▶ **DATASET EXTRACT**:

-- Opening Marker --

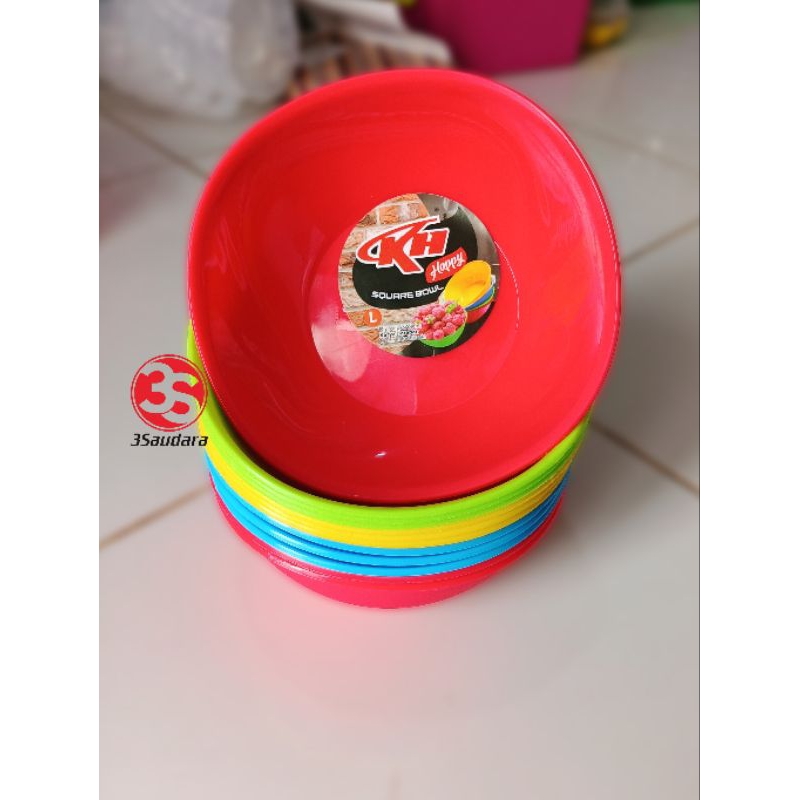 MANGKOK PLASTIK KH HAPPY GLOSSY UKURAN L
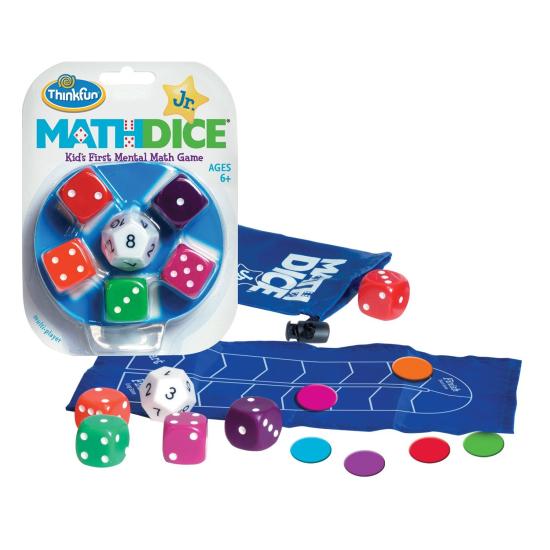 Think Fun Math Dice Junior Jeu éducatif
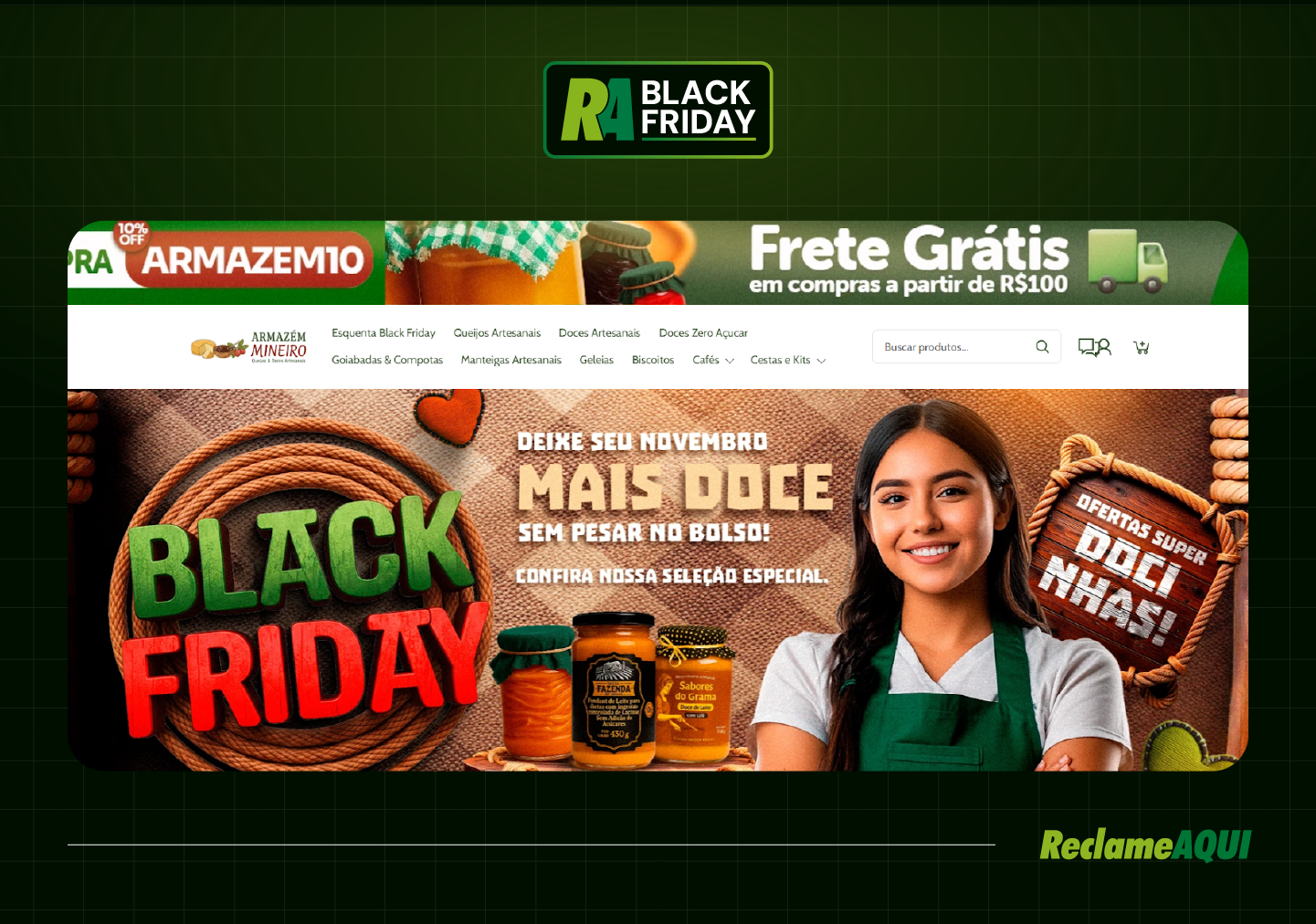 Banner do site Armazém Mineiro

-- Closing Marker --

Your task is to repeat exactly the lines from the one containing "Think Fun Math Dice Junior Jeu éducatif" through the end of the material, both included, and only those, without pictures.

 Think Fun Math Dice Junior Jeu éducatif
 Banner do site Armazém Mineiro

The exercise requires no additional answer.